Stored items:

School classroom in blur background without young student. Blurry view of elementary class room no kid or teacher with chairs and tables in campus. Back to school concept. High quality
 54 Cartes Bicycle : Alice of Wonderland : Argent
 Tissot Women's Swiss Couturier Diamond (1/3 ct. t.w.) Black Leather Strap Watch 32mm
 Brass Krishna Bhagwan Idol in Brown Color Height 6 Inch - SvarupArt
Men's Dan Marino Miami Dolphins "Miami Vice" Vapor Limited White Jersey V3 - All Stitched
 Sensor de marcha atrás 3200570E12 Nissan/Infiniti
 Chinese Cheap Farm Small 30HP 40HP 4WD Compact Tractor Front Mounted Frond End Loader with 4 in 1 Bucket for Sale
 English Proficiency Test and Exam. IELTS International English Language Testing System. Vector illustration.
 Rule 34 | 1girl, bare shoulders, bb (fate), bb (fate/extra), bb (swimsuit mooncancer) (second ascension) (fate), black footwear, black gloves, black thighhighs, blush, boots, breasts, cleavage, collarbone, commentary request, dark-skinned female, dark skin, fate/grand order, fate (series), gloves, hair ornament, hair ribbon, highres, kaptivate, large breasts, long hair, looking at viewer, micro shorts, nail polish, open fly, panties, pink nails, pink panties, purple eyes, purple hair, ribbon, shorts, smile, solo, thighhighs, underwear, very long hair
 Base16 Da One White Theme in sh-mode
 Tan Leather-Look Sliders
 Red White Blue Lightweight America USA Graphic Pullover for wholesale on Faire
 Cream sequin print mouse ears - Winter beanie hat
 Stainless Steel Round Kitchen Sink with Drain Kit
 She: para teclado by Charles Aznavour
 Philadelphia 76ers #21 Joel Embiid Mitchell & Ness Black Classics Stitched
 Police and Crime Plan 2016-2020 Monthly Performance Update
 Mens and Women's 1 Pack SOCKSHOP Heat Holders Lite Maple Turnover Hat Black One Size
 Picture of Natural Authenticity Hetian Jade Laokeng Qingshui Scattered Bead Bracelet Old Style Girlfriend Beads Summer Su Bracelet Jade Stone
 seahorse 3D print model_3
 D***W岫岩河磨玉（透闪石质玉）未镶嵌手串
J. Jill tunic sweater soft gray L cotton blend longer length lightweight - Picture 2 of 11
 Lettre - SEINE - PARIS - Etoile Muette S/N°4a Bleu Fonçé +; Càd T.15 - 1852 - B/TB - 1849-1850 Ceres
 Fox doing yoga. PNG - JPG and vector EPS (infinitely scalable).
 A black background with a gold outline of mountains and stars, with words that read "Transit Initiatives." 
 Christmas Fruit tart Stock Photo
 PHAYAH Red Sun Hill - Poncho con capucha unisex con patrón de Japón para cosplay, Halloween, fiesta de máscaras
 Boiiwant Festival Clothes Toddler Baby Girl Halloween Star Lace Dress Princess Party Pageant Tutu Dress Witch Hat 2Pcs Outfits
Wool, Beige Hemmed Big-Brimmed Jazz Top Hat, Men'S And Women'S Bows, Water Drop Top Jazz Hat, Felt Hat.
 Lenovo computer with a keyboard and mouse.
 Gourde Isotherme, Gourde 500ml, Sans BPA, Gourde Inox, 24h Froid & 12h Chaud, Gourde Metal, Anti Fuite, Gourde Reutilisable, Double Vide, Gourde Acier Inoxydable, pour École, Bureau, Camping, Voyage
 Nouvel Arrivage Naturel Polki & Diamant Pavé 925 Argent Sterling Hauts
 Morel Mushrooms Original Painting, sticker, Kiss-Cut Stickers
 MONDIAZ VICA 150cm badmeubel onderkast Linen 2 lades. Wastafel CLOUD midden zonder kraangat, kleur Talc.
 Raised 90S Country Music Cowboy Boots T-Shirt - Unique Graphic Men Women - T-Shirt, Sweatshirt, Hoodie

▶ **WHAT NEEDS TO BE DONE**:
Across the entries above, find the lines with the string "Leather" and copy them.

▶ **OUTPUT BELOW**:
 Tissot Women's Swiss Couturier Diamond (1/3 ct. t.w.) Black Leather Strap Watch 32mm
 Tan Leather-Look Sliders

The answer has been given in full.